Chemfp supports both normalizations but only does closure normalization by default. It also has options to select a different nmer lengths. These details are stored in the type field of the output fingerprint metadata. Follow the above links for more details.
FPC format and fpc2fps conversion changes
The FPC format specification has been changed so that a count of 0 is not allowed. Chemfp 5.0 supported it. That option was removed to make it easier to count the number of non-zero features in the fingerprint. If the fingerprint field is “*” then there are no features, otherwise it is one more than the number commas.
The specification now specifically includes “num_bits” in the metadata. In the FPS format this means the number of bits in the binary fingerprint. In the FPC format this means the number of feature indices in the count fingerprint. This is needed because each RDKit fingerprints also stores the total number of possible bits, and two fingerprints can be compared if and only if they have same size. Without this information it is impossible to round-trip RDKit fingerprints to a file.
Chemfp has been updated to read and write the num_bits. Note that RDKit’s UIntSparseIntVect uses 2**32-1 to mean 2**32 bits, and RDKit’s ULongSparseIntVect uses 2**64-1 to mean 2**64 bits. These are special cases in RDKit. Chemfp does not currently adjust the size to reflect the actual number of bits possible.
The “fold” count conversion method in fpc2fps now supports a
--hash option. The distribution of RDKit topological torsion
indices after modulo folding are poorly distributed. This is because
the first 9 bits (or 11 bits with --includeChirality 1) contain
type information for the first atom, the second 9 (or 11) bits
contains the type information for the second, and so on. Modulo
folding at 1024 bits means that only the first 10 bits are used. For
topological torsions this means only the first atom type and perhaps
one bit of the second type are used – the rest are ignored! Instead,
with --hash 1 the index is used to seed a pseudo-random number
generator to generate the value to hash. This gives a much better
distribution of hashed values.
The “superimpose” count conversion in fpc2fps now uses a maximum
count, with a default 1000, as an upper-bound for the feature
count.
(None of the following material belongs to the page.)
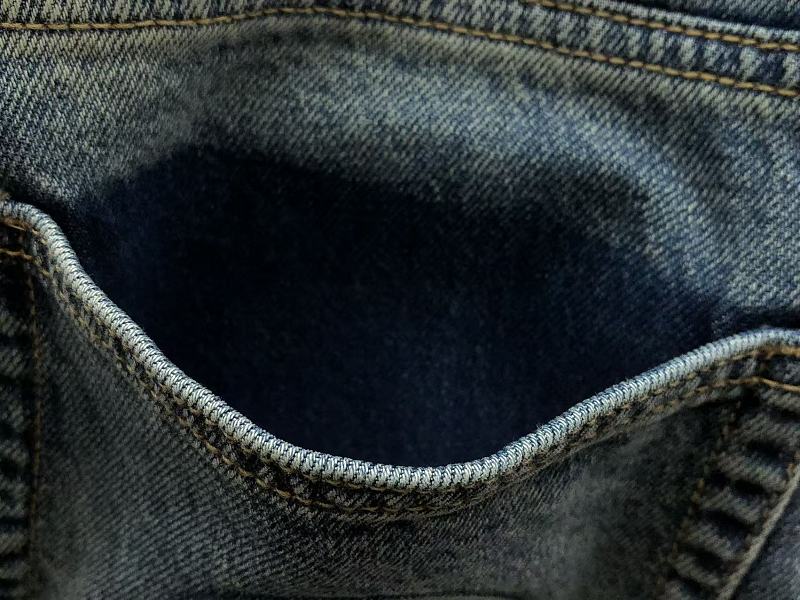 M R Jeans 11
Without it, a fingerprint like “1:4294967295” caused the
converter to take a very long time to generate a byte fingerprint with
all bits set to 1. Use --max-count to change the size.
Note
While the superimpose conversion method in chemfp requires a valid license key to generate more than 50,000 fingerprints in the same process, there is a special exception for fpc2fps which allows unlimited conversion.
The “rdkit-count-sim” method name in fpc2fpc was changed to “rdkit-countsim”, to match the use in the paper.
Other changes
A change in RDKit 2025.09.4 caused some of the SECFP fingerprints to change. Chemfp refers to these new fingerprints as “RDKit-SECFP/2” and the older ones as “RDKit-SECFP/1”.
Chemfp 5.0 added support for Python 3.14, NumPy 2.4, and click 8.2. The changes were minimal and limited to the test suite. The “license” field in pyproject.toml file was updated to reflect a breaking change to the format.
Chemfp 5.1 is the last version of chemfp to support Python 3.9, which reached its end-of-life (that is, support by the Python core developers) on 31 October 2025.
If the environment variable CHEMFP_CYTHONIZE is “1” then setup.py will always cythonize the .pyz files to c, instead of using timestamps. This is useful if you’ve upgraded Cython and want to rebuild the cythonized C extensions.
The FPC parser in chemfp 5.0 used terms like “bit number” for the feature index. This was visible in the error messages like “Sparse bit number must be < 2**64”. These have been replaced with “feature index”, such as “Feature index must be < 2**64”.
Finally, there are a number of bug fixes, corrected typos, and other small changes that aren’t worth noting.